▸ Exercise aim
Starting at the first line of the listing below and ending at the line with "爱游戏关注：新兴市场对传统博彩的挑战", copy each line exactly.

%%

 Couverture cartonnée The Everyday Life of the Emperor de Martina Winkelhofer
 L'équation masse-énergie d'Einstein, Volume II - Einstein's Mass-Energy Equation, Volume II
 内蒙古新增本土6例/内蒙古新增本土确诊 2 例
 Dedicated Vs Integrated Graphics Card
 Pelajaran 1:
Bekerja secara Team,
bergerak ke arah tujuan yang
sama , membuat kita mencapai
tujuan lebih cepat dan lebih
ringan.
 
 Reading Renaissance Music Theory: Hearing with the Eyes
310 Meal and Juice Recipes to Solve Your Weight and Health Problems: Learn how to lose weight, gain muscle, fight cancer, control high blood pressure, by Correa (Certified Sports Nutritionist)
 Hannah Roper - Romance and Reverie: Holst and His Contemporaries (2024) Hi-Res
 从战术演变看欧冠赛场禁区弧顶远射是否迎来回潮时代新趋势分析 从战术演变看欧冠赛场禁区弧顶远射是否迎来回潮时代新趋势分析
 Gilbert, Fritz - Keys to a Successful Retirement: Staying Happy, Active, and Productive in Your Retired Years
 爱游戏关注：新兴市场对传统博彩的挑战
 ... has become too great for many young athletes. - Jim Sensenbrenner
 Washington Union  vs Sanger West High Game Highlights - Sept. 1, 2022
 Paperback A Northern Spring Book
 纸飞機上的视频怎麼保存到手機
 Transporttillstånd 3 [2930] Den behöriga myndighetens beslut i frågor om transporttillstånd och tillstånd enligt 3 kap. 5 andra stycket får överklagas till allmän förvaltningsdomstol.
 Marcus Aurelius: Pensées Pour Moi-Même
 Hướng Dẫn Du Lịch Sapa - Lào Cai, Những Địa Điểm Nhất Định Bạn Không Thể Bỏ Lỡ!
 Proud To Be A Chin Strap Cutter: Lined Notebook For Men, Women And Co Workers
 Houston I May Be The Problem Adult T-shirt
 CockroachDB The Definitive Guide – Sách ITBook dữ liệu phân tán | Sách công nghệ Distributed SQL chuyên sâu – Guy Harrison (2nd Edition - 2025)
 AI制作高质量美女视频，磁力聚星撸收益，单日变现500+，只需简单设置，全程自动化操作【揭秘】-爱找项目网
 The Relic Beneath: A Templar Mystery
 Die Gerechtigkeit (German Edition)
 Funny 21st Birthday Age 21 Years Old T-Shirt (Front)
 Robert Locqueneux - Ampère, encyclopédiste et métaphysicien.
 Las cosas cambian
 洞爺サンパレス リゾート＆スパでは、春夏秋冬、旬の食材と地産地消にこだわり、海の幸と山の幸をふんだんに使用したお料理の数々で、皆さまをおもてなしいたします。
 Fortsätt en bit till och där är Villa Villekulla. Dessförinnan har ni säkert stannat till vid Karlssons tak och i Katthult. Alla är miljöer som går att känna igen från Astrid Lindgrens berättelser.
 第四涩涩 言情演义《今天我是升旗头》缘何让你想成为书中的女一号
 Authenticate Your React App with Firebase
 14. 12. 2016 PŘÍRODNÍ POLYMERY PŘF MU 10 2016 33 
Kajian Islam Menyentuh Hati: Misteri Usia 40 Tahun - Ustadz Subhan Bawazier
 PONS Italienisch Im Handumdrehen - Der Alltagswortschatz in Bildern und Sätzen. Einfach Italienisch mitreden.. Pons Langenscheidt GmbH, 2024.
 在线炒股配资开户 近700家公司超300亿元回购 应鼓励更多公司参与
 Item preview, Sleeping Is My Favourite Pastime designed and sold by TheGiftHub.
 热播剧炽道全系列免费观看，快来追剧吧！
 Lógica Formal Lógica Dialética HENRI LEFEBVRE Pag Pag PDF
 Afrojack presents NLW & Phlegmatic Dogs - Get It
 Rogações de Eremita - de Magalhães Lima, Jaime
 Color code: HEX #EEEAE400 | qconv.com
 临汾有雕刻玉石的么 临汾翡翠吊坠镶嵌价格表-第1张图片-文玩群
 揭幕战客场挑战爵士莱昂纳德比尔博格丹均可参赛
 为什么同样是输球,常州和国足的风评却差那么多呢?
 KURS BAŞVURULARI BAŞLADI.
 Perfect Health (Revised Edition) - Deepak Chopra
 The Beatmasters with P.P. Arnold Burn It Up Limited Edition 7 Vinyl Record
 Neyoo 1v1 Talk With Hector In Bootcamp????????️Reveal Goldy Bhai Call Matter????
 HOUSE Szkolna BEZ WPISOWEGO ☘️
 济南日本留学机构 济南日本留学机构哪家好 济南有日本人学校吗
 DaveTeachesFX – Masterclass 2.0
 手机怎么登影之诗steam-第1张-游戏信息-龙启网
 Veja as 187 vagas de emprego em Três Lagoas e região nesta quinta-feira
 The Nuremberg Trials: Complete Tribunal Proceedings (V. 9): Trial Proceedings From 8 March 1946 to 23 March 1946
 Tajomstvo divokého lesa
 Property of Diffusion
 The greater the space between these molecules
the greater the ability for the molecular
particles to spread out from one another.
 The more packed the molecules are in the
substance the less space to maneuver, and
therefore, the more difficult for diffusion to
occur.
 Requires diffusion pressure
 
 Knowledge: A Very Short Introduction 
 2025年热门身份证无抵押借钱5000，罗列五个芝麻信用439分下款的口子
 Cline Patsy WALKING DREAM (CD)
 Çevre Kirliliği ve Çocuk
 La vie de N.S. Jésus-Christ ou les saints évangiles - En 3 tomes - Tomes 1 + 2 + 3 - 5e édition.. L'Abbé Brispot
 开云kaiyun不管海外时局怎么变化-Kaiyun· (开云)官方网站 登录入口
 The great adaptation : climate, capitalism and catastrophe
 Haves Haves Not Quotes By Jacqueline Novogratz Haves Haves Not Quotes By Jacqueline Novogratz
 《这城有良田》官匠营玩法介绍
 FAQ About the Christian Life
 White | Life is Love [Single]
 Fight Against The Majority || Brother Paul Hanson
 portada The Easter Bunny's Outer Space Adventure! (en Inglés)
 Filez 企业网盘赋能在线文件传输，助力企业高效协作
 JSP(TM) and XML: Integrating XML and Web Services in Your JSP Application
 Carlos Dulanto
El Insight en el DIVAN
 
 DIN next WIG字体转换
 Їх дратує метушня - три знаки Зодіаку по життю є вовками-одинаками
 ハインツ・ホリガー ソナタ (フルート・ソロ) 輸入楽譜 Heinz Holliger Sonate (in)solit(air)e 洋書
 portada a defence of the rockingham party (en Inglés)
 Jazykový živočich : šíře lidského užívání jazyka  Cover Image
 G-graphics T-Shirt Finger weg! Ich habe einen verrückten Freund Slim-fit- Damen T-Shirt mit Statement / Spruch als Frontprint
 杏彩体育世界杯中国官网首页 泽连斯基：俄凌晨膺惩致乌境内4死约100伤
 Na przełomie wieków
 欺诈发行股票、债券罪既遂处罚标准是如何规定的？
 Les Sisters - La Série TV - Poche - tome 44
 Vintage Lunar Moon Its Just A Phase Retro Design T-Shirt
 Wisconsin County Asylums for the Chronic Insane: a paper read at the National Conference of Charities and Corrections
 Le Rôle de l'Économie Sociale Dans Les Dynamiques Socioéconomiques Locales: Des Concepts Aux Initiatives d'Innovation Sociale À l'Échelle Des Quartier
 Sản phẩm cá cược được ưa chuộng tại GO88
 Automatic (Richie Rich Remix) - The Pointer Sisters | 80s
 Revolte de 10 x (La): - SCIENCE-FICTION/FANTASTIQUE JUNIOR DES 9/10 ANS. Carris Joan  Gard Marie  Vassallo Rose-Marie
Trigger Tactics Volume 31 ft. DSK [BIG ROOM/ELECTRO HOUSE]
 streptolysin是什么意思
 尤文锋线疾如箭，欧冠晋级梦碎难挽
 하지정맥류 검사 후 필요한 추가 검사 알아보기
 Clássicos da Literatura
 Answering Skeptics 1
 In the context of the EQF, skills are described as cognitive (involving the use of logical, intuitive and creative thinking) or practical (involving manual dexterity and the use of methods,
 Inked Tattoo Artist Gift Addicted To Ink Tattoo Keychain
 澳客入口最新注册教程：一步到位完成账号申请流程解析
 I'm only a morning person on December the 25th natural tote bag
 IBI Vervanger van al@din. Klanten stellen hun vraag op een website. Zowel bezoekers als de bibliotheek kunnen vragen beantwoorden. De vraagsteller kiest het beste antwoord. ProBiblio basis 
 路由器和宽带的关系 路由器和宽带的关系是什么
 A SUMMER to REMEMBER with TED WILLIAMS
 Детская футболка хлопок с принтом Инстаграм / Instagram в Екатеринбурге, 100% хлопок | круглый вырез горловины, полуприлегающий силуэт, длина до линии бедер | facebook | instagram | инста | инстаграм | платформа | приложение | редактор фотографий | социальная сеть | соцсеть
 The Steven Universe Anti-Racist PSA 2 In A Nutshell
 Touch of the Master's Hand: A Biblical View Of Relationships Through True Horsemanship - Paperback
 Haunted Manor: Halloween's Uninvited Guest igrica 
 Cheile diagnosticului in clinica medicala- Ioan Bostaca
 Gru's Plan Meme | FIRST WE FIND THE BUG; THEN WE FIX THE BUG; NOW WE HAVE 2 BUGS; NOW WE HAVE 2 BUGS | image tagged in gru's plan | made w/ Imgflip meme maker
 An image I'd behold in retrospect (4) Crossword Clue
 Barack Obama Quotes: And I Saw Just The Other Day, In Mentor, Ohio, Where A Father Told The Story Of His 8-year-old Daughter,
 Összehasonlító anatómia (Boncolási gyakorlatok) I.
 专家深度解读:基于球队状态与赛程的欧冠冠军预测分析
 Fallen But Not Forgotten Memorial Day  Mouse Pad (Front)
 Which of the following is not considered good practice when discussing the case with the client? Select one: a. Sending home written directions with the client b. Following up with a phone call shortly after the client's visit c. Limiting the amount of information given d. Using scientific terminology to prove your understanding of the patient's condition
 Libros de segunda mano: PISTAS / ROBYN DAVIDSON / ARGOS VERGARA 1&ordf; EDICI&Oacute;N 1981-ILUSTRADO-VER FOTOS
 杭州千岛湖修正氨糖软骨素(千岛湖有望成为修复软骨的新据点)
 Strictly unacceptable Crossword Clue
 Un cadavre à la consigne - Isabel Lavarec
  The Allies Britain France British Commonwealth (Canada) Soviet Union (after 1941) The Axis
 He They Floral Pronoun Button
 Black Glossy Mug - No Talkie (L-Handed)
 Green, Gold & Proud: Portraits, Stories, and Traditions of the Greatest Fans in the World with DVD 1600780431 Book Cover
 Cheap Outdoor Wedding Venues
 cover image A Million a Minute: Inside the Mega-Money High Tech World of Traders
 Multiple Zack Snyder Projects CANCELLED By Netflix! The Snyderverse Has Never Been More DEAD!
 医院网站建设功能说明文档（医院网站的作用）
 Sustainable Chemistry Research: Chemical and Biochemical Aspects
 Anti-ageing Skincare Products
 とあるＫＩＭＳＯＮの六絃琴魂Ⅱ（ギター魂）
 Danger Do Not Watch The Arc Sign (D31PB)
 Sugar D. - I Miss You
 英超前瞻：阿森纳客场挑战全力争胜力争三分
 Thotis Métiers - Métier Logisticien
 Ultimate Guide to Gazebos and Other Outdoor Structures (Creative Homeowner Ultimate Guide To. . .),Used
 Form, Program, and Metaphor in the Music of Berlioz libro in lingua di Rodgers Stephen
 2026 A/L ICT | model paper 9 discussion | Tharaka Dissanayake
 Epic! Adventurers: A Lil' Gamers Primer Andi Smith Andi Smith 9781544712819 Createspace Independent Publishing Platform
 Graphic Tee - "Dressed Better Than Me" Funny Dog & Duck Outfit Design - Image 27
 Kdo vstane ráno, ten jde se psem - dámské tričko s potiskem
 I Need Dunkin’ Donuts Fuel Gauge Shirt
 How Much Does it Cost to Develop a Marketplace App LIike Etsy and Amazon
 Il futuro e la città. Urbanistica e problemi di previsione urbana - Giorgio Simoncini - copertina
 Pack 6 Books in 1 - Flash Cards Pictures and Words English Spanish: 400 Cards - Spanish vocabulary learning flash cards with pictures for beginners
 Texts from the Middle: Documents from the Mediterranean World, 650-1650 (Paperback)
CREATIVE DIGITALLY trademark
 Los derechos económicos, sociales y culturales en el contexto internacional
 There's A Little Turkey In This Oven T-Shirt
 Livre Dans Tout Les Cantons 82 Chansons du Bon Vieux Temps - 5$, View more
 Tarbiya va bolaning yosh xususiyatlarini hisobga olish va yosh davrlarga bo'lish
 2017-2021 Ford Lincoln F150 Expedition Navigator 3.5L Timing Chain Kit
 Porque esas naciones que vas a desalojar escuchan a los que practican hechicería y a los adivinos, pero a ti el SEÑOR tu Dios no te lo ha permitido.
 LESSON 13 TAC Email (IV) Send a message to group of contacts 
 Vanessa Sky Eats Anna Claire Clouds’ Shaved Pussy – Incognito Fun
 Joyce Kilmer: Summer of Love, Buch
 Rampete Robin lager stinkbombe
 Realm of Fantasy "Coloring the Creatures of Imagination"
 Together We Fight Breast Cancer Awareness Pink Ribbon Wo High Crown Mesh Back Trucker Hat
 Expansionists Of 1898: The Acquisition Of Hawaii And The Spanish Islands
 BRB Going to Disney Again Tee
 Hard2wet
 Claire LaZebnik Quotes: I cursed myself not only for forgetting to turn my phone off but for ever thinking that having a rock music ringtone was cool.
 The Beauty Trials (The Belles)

%%

▸ Written answer
 Couverture cartonnée The Everyday Life of the Emperor de Martina Winkelhofer
 L'équation masse-énergie d'Einstein, Volume II - Einstein's Mass-Energy Equation, Volume II
 内蒙古新增本土6例/内蒙古新增本土确诊 2 例
 Dedicated Vs Integrated Graphics Card
 Pelajaran 1:
Bekerja secara Team,
bergerak ke arah tujuan yang
sama , membuat kita mencapai
tujuan lebih cepat dan lebih
ringan.
 
 Reading Renaissance Music Theory: Hearing with the Eyes
310 Meal and Juice Recipes to Solve Your Weight and Health Problems: Learn how to lose weight, gain muscle, fight cancer, control high blood pressure, by Correa (Certified Sports Nutritionist)
 Hannah Roper - Romance and Reverie: Holst and His Contemporaries (2024) Hi-Res
 从战术演变看欧冠赛场禁区弧顶远射是否迎来回潮时代新趋势分析 从战术演变看欧冠赛场禁区弧顶远射是否迎来回潮时代新趋势分析
 Gilbert, Fritz - Keys to a Successful Retirement: Staying Happy, Active, and Productive in Your Retired Years
 爱游戏关注：新兴市场对传统博彩的挑战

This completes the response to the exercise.